* [PATCH v2] ACPI: APEI: Handle repeated SEA error storms
@ 2026-05-27 8:27 Junhao He
2026-05-28 1:48 ` mawupeng
0 siblings, 1 reply; 2+ messages in thread
From: Junhao He @ 2026-05-27 8:27 UTC (permalink / raw)
To: rafael, tony.luck, guohanjun, mchehab, xueshuai, jarkko,
yazen.ghannam, jane.chu, lenb, linmiaohe
Cc: bp, linux-acpi, linux-arm-kernel, linux-kernel, linux-edac,
tanxiaofei, linuxarm, liuyonglong, mawupeng1, hejunhao3
When hardware memory corruption occurs and a user process accesses the
corrupted page, the CPU triggers a Synchronous External Abort (SEA).
The kernel invokes do_sea() to handle the exception, which calls
memory_failure() to handle the faulty page.

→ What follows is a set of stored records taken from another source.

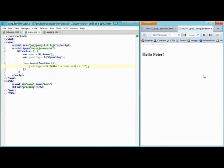Peter, hello Peter, Walter, William, everything works.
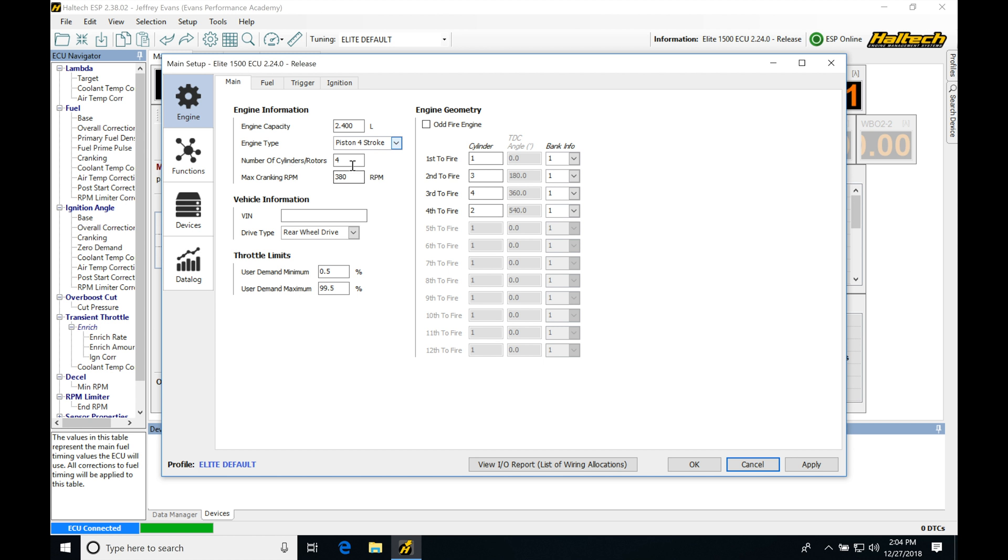So usually a value of 380 is sufficient. Typical cranking speed on most engines is between 150 to 250 RPMs. So you'll be finding that that should be sufficient. But it could change based on your engine. That's going to be something that you may have to look at.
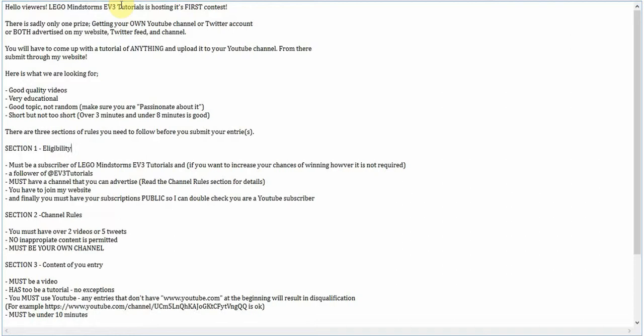LEGO Mindstorms EV3 Tutorials is hosting its very first contest. Now, there's only one prize, which is getting your own YouTube channel or Twitter account, or even both, advertised on my website, Twitter feed, and channel.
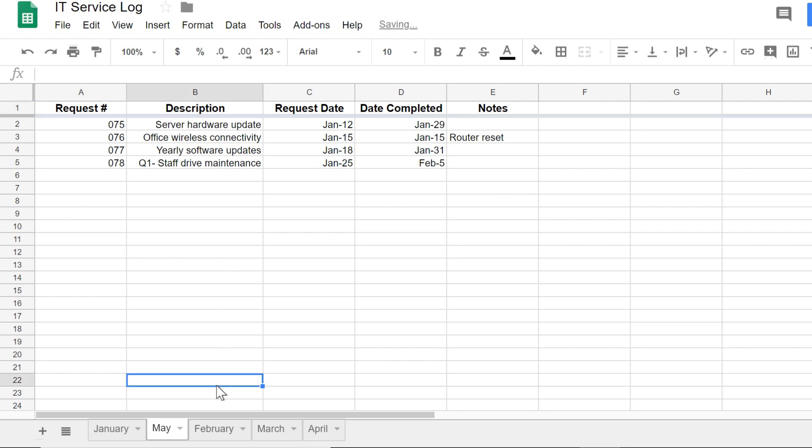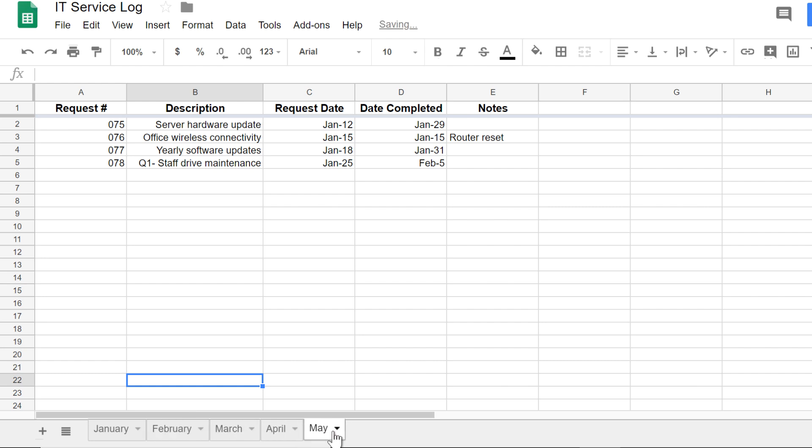Since I want the months to go in order, I'm going to move the May tab to the end by clicking and dragging it to its new position.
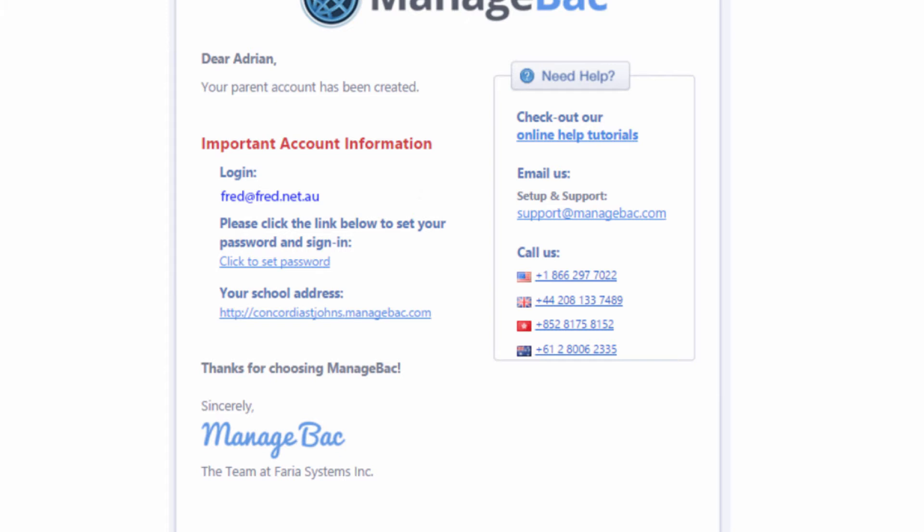Underneath this you'll see a hyperlink which will take you to the school address of Manageback. I would also note this down so that you can access this at a later date.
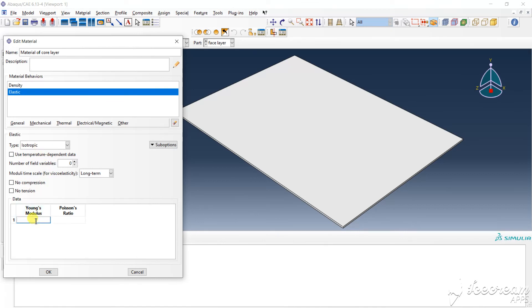Here I am taking the isotropic material for the core layer. That is 1.1.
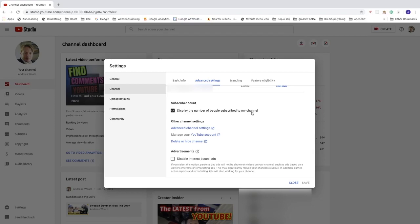To hide your subscriber count on YouTube, just uncheck this one. After that, just click on save and this will hide your subscriber count on YouTube. I hope this helped.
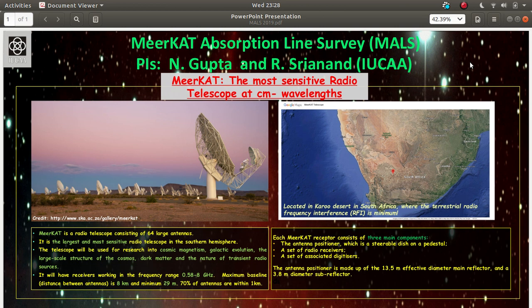It can operate in the frequency range of 0.58 to 8 gigahertz. The distance between two antennas, we call them as baselines, are important because they decide what will be the capabilities of that interferometer. In case of Meerkat it has a maximum baseline of 8 kilometer and a minimum baseline of 29 meter, and most of the antennas are within the baseline length of 1 kilometer.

Scenario 1: Memory Error Interrupt First, then SEA
The page is already poisoned by the memory error interrupt path. The
subsequent SEA handler sends a SIGBUS to the task, which accesses the
poisoned page. This flow is correct.
Scenario 2: SEA first, then memory error interrupt (problematic scenario)
If a user task directly accesses corrupted memory through a PFNMAP-style
mapping (e.g., devmem), the page may still be in the free-buddy state when
SEA is handled. In this case, memory_failure() will poison the page without
invoking kill_accessing_process(), and then takes the free-buddy recovery
path.
After the CPU returns to the task context, the task re-enters the SEA
handler due to the same access. However, ghes_estatus_cached() suppresses
all subsequent entries during the 10-second window, preventing
ghes_do_proc() from being called. This suppression blocks the
MF_ACTION_REQUIRED-based SIGBUS delivery, causing the kernel to fail to
kill the task immediately. Consequently, the process keeps re-entering
the SEA handler, leading to an SEA storm. Later, the memory error
interrupt path also cannot kill the task, leaving the system stuck in
this repeated loop.
The following error logs are explained using the devmem process:
NOTICE: SEA Handle
[Hardware Error]: Hardware error from APEI Generic Hardware Error Source: 9
[Hardware Error]: event severity: recoverable
[Hardware Error]: section_type: ARM processor error
[Hardware Error]: physical fault address: 0x0000001000093c00
[T54990] Memory failure: 0x1000093: recovery action for free buddy page: Recovered
[ T9955] EDAC MC0: 1 UE Multi-bit ECC on unknown memory
(page:0x1000093 offset:0xc00 grain:1 - APEI location: ...)
NOTICE: SEA Handle
NOTICE: SEA Handle
...
... ---> SEA storm
...
NOTICE: SEA Handle
[ T9955] Memory failure: 0x1000093: already hardware poisoned
ghes_print_estatus: 1 callbacks suppressed
[Hardware Error]: Hardware error from APEI Generic Hardware Error Source: 9
[Hardware Error]: event severity: recoverable
[Hardware Error]: section_type: ARM processor error
[Hardware Error]: physical fault address: 0x0000001000093c00
[T54990] Memory failure: 0x1000093: already hardware poisoned
[T54990] 0x1000093: Sending SIGBUS to devmem:54990 due to hardware memory corruption
To resolve this, return an error when encountering the same SEA again.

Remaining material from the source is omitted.